Concettualmente, ci interessa qui sottolineare come il margine sia ciò che rimane dal fatturato una volta che abbiamo tolto le spese dirette e indirette sostenute per realizzare la prestazione.

Giusto per semplificare al massimo: ipotizziamo di fatturare una prestazione professionale 1000 e di sostenere tra spese dirette (es. trasferte), spese indirette (costi della struttura) e costi relativi alle ore impiegate da noi e dai nostri collaboratori sulla pratica 700; il margine o la redditività o produttività corrisponderebbe a 300.

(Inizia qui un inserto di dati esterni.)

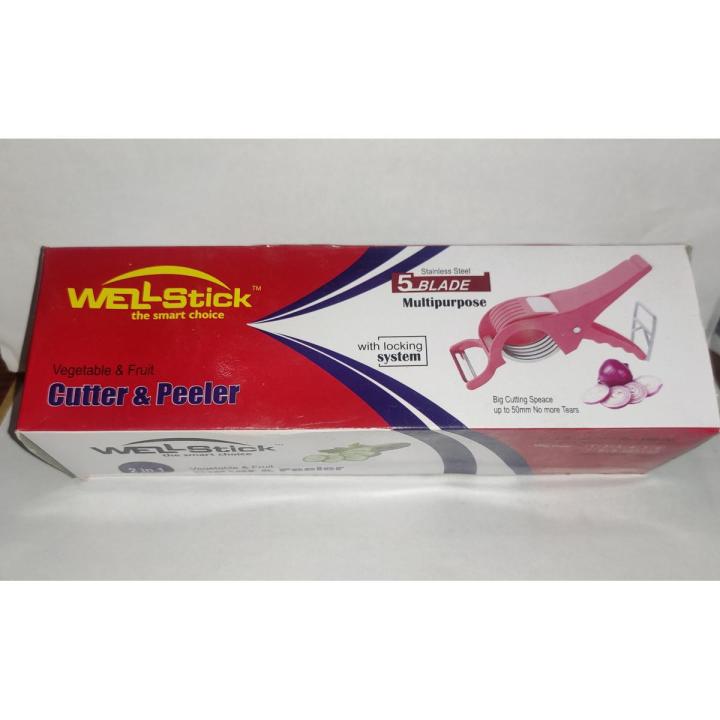 Wellstick vegetables and fruits cutter and peeler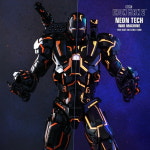 [핫토이] 아이언맨2 (2010) - 네온 테크 워머신 마크1 [다이캐스트] 1/6 피규어 [MMS553-D35] : 피규어스토리2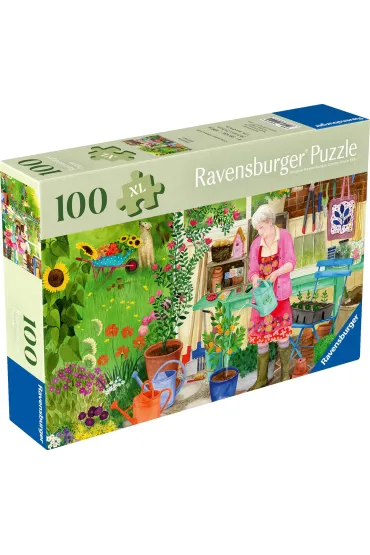 Puzzle 100 el. XL Ogr�d Ravensburger
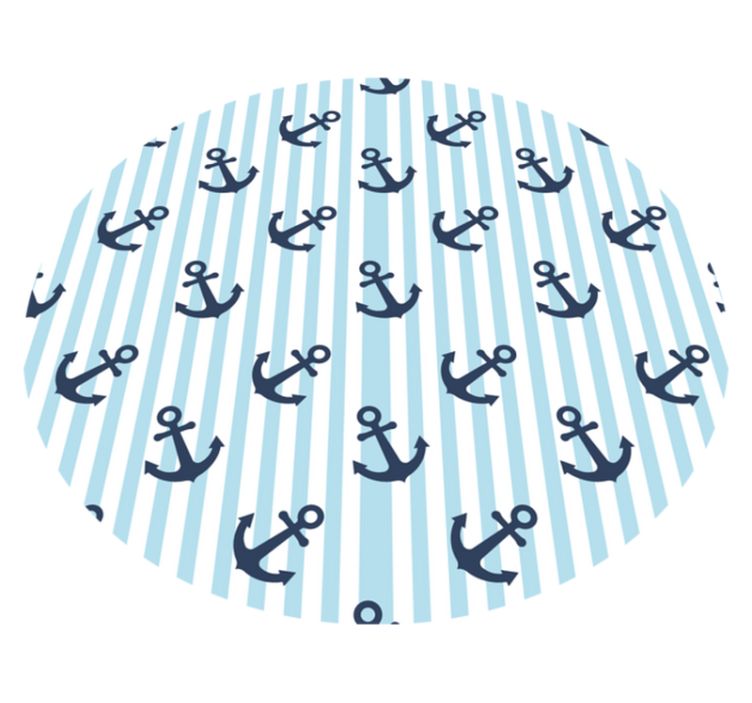 Tapis vinyle autres tapis motif d'ancre nautique - TenStickers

Nell’esercizio “tradizionale” della professione legale l’avvocato non è stato certo abituato a fare questo tipo di valutazioni: da sempre si prendeva in carico la pratica e ci si lavorava sopra facendo ciò che era necessario, senza particolari valutazioni di tempi, persone impegnate, spese indirette e tantomeno calcolo del valore del nostro tempo. La conseguenza è che pochi o nessuno aveva cognizione della marginalità delle proprie prestazioni e pochi o nessuno avevamo contezza del valore della propria ora di attività professionale.

Oggi le cose stanno diversamente, causa i cambiamenti del mercato, la concorrenza, i ritmi di lavoro e la minor propensione dei clienti a pagare parcelle importanti. La conseguenza è che l’avvocato necessariamente deve diventare un manager anche nella valorizzazione del proprio lavoro, nella sua organizzazione e nella definizione del valore delle prestazioni.

Attività previsionale nell’organizzazione del lavoro. Se fino ad oggi dentro lo studio legale non si è vissuta la necessità di organizzare i tempi di lavoro nella logica di assicurare la produttività dei collaboratori e la redditività delle pratiche, oggi la situazione è cambiata. Oggi lo studio legale necessita di attività previsionale dove, partendo dall’importo da fatturare, si determina preventivamente chi lavorerà sulla pratica, quanto tempo deve ragionevolmente dedicare a deve tener conto dei tempi e delle attività svolte. Per fare questo ci sono strumenti dedicati, come i conti economici e i timesheet. Il conto economico di una pratica consiste in un documento previsionale che spesso assume la forma di un file Excel, oppure di una funzione compresa nel gestionale di studio, che permette di inserire preventivamente i costi che si stima verranno sostenuti, sia come costi diretti, sia indiretti, nonché le ore lavorate e relativa quantificazione economica. Tel documenti previsionale servirà come rotta da seguire, come documento programmatico. Durante la lavorazione della pratica le persone dedicate indicheranno quotidianamente nel timesheet come hanno utilizzato il proprio tempo e a cosa lo hanno allocato, in modo che si possa poi fare un controllo di gestione postino per verificare se abbiamo rispettato le previsioni, oppure no. Tutto, ovviamente richiede una certa flessibilità e buon senso. Il timesheet è a sua volta un documento che può essere rappresentato da un file Excel oppure interno al gestionale. Tale documento ha una triplice funzione: verificare come viene allocato il tempo lavorato dei collaboratori e quindi la loro produttività; verificare il conto economico della pratica per eventualmente modificare la parcella; apportare migliorie alle procedure di lavoro in futuro.

L’avvocato oggi è diventato un manager della propria attività e anche un imprenditore, senza tuttavia perdere la propria natura di professionista intellettuale e di consulente giuridico.